*Description of the task*: Transcribe only the lines in the data below falling between the line with "FFM-1 | Fruit" and the line with "King Penguin", including those two lines, and leave out any picture.
BEGIN
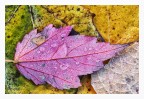 rugiada d'autunno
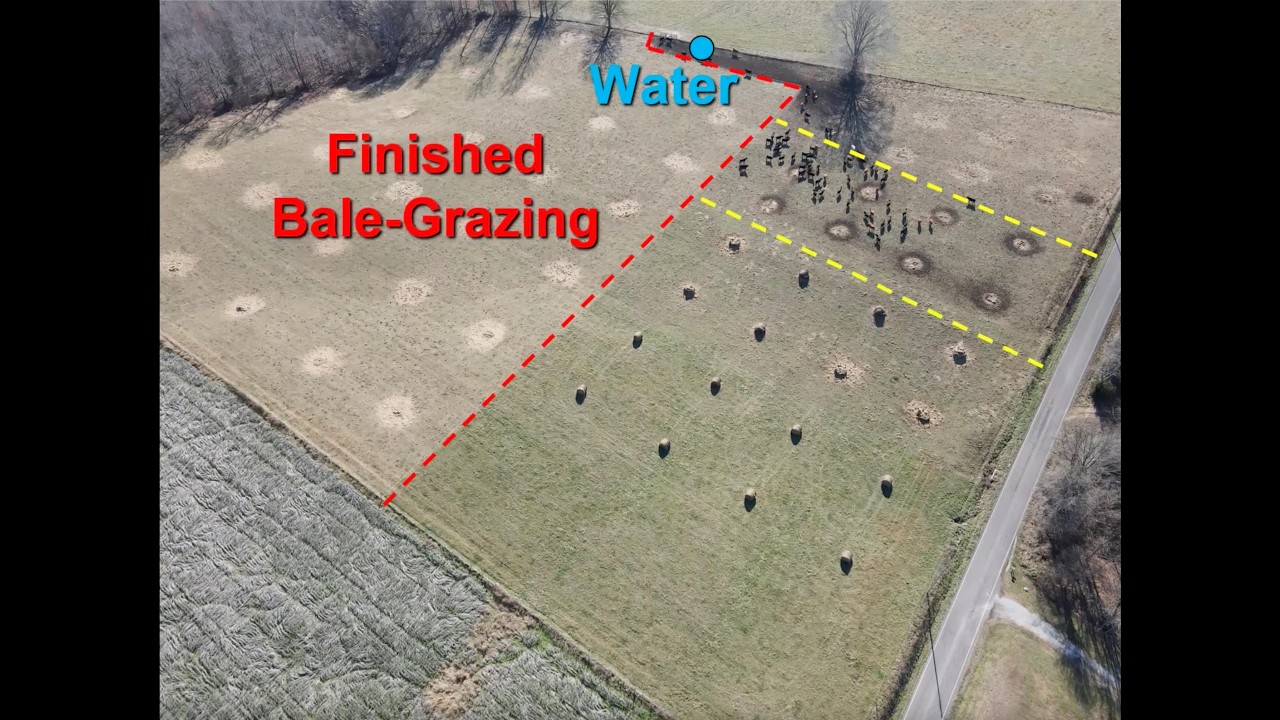 Bale Grazing Workshop w/ Dr. Greg Halich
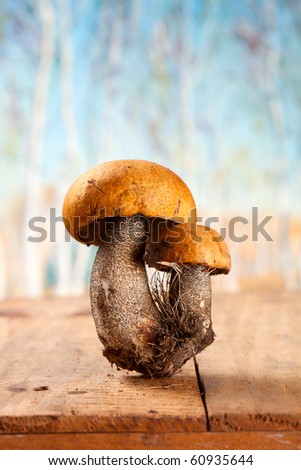 orange-cap boletus mushroom on wooden box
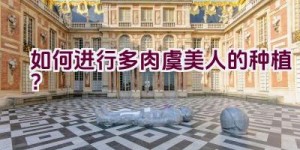 如何进行多肉虞美人的种植？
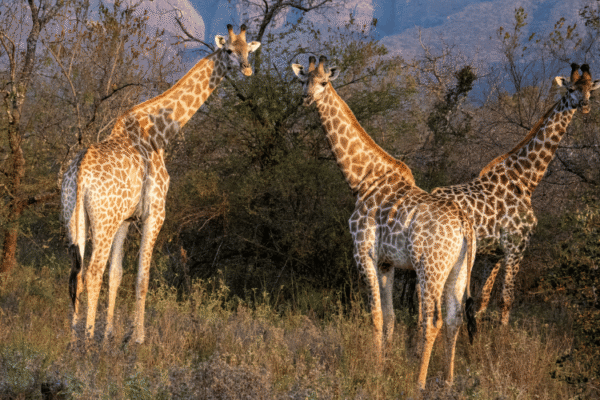 Raleigh South Africa giraffes out in the bush Raleigh-South-Africa-giraffes-out-in-the-bush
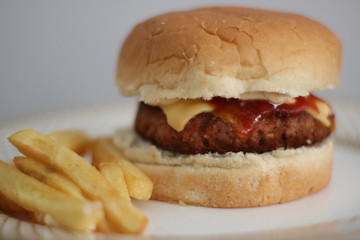 burger and french fries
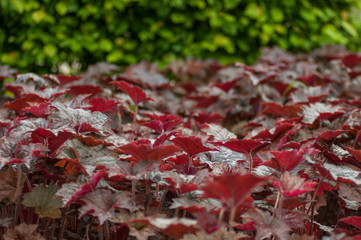 red, green, leafs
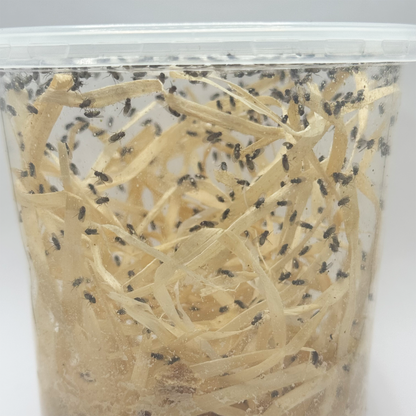 FFM-1 | Fruit fly medium - Drosophila melanogaster and Drosophila hydei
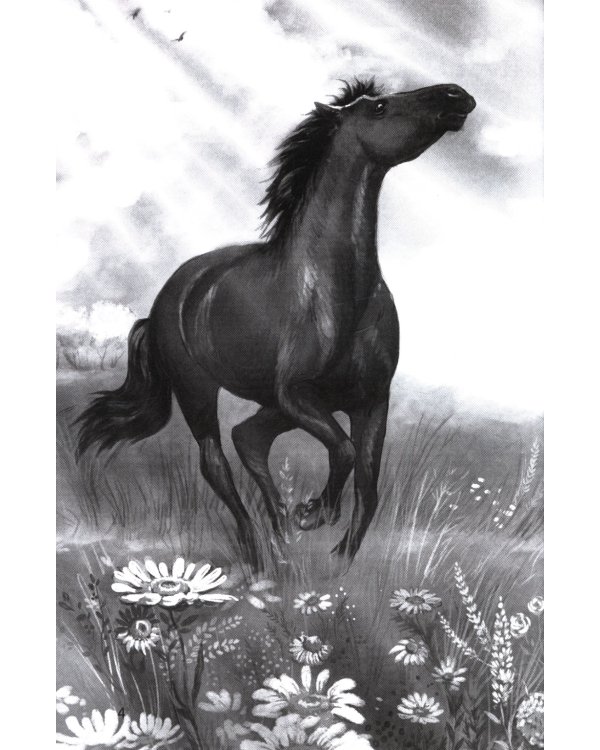 Галопом навстречу. 3-е изд.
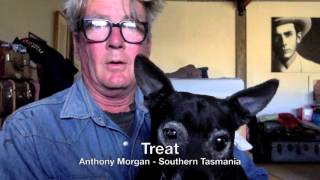 The Bottle Rockets "Dog" (Fan Version)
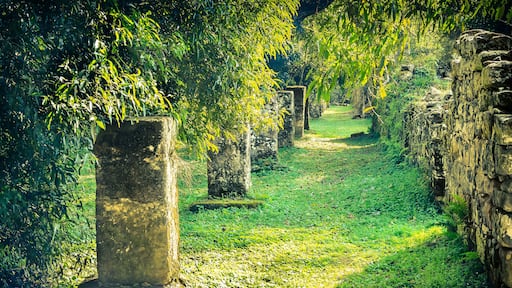 Jesuit Mission Ruins at San Ignacio Mini, Argentina (UNESCO World Heritage)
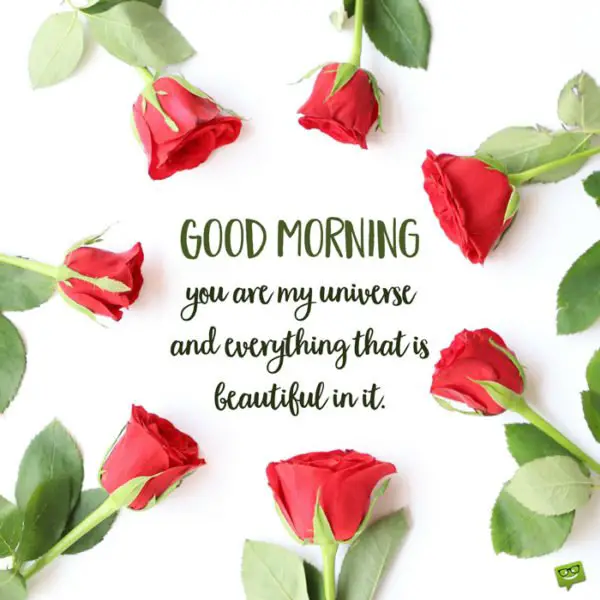 Loving good morning quote for her. On photo with red roses. | Birthday Wishes Expert Good Morning. You are my universe and everything that is beautiful in it.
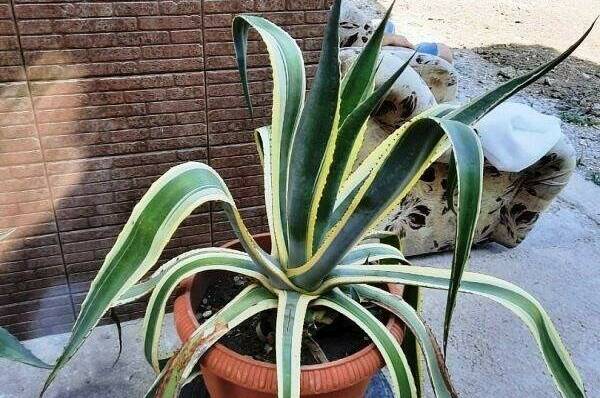 Гостевой дом «Счастливый случай»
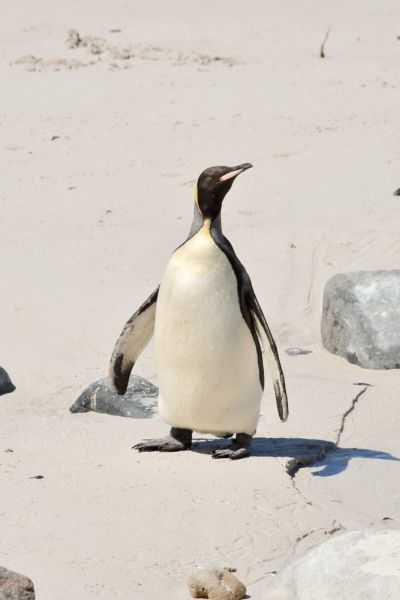King Penguin
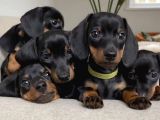 Show Kalite Safkan Dachshund Yavrular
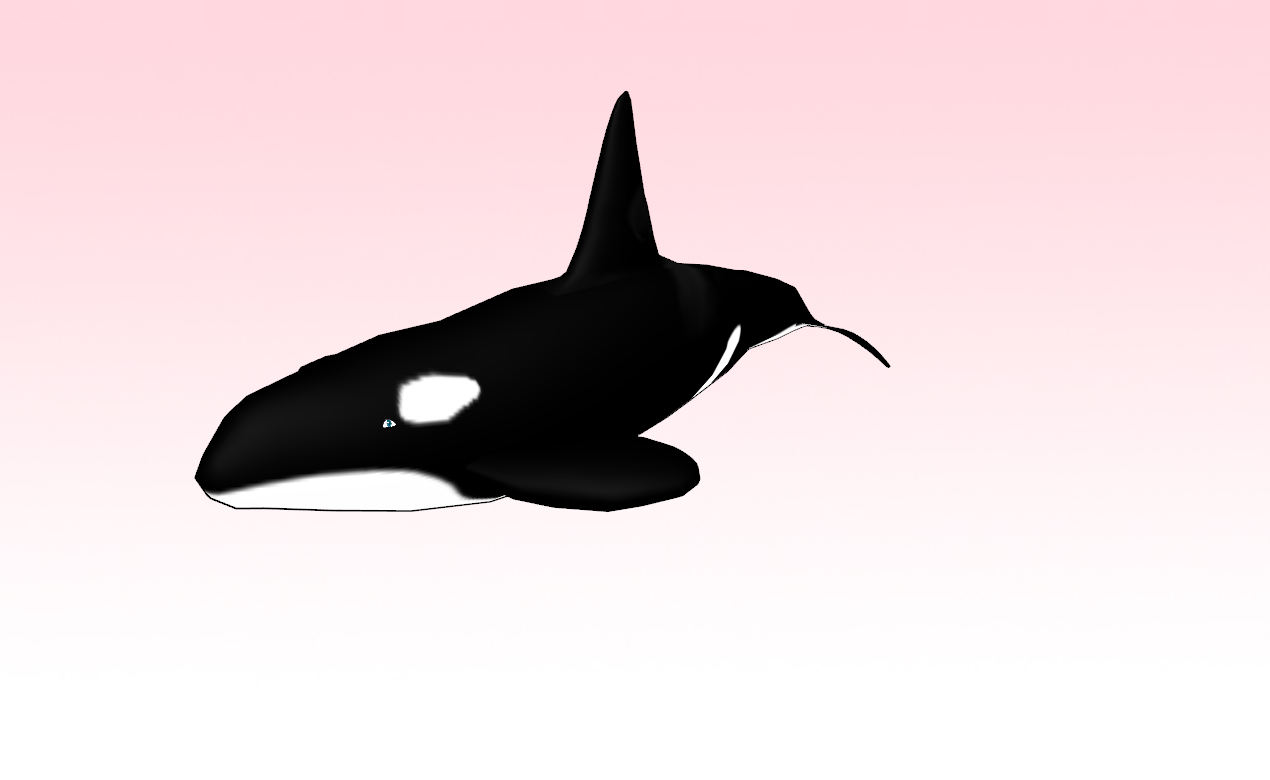 Shamu Coloring Pages - ClipArt Best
END
*Answer to this problem*:
 FFM-1 | Fruit fly medium - Drosophila melanogaster and Drosophila hydei
 Галопом навстречу. 3-е изд.
 The Bottle Rockets "Dog" (Fan Version)
 Jesuit Mission Ruins at San Ignacio Mini, Argentina (UNESCO World Heritage)
 Loving good morning quote for her. On photo with red roses. | Birthday Wishes Expert Good Morning. You are my universe and everything that is beautiful in it.
 Гостевой дом «Счастливый случай»
King Penguin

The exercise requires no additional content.